## Work request
With the pictures removed, the data below must be transcribed in full and exactly.

## Data excerpts
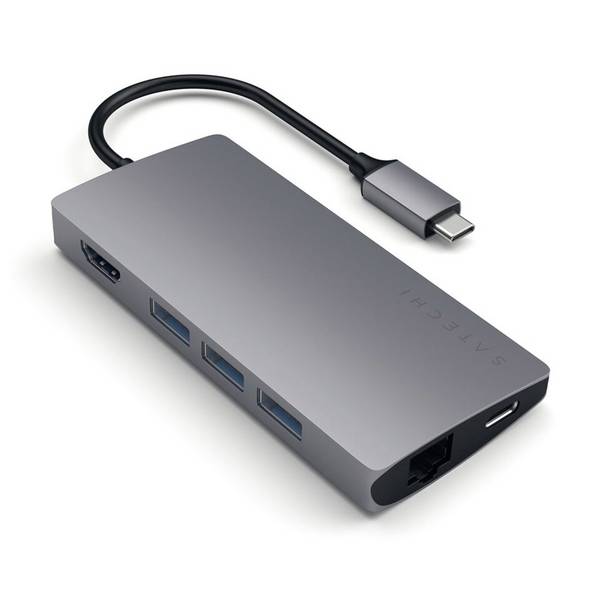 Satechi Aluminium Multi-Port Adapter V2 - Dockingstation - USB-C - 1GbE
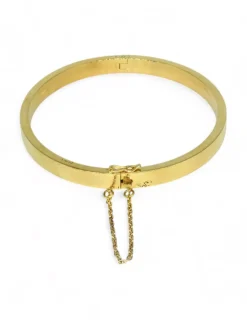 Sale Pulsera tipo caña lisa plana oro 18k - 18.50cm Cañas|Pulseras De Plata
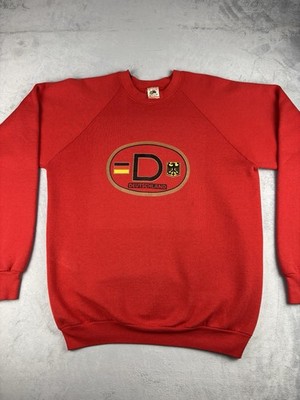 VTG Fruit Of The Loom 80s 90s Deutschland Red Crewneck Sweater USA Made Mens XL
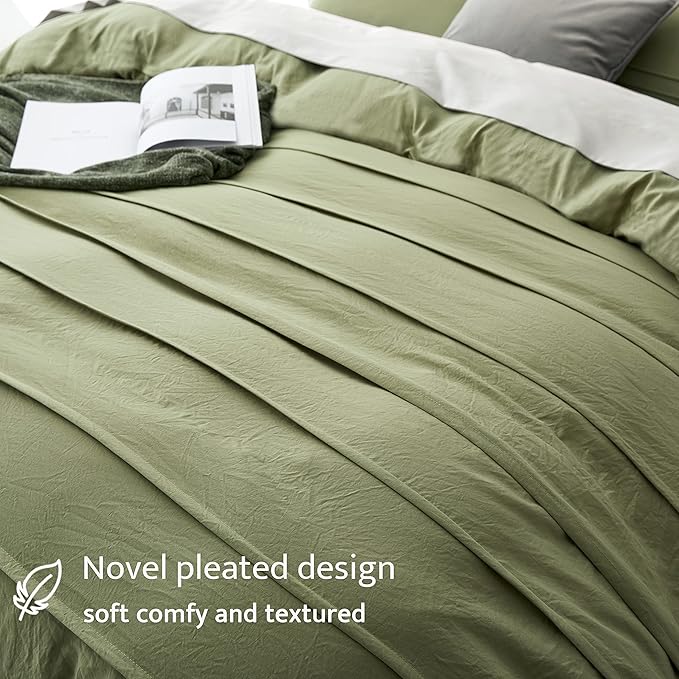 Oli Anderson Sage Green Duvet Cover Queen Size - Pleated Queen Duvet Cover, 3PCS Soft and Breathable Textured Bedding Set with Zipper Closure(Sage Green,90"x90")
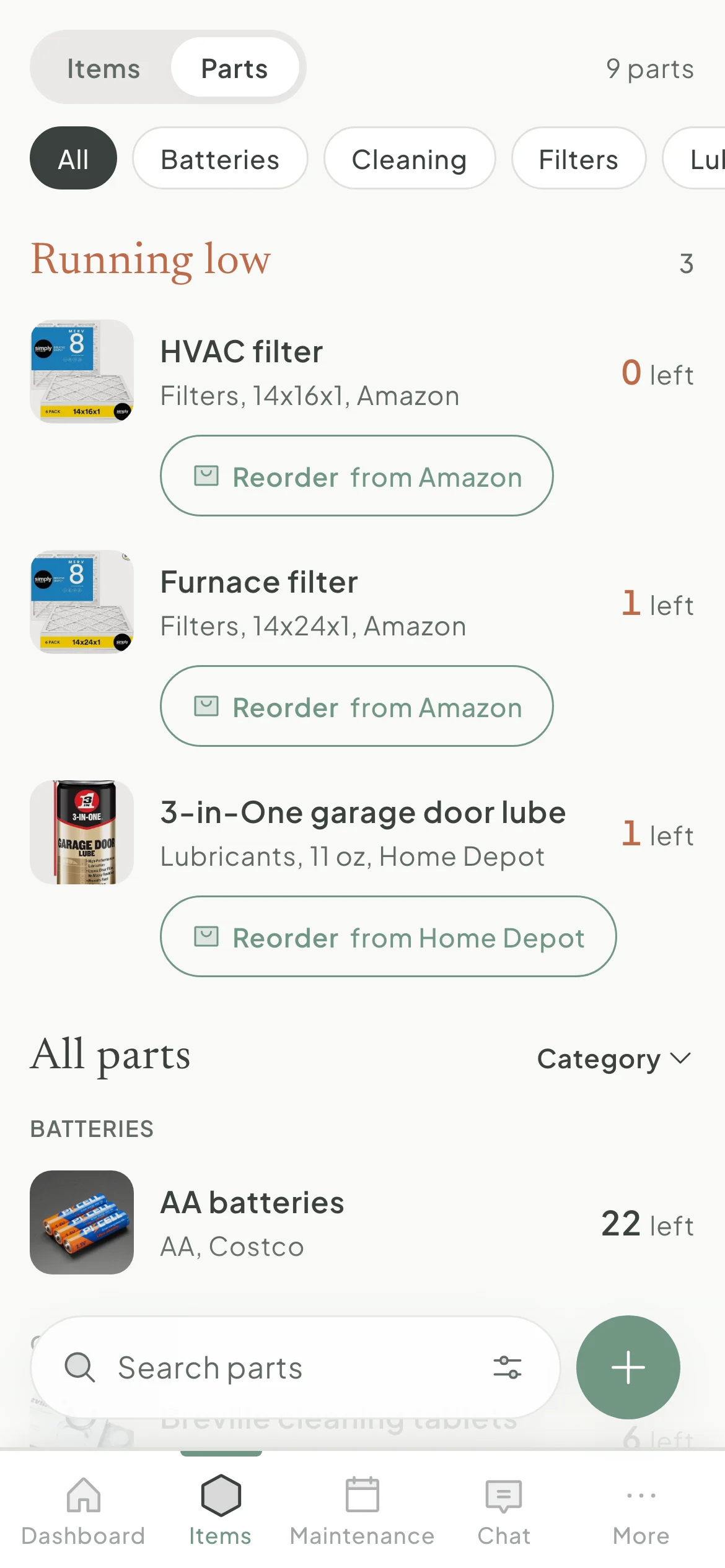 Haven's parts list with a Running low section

## Output below
 Satechi Aluminium Multi-Port Adapter V2 - Dockingstation - USB-C - 1GbE
 Sale Pulsera tipo caña lisa plana oro 18k - 18.50cm Cañas|Pulseras De Plata
 VTG Fruit Of The Loom 80s 90s Deutschland Red Crewneck Sweater USA Made Mens XL
 Oli Anderson Sage Green Duvet Cover Queen Size - Pleated Queen Duvet Cover, 3PCS Soft and Breathable Textured Bedding Set with Zipper Closure(Sage Green,90"x90")
 Haven's parts list with a Running low section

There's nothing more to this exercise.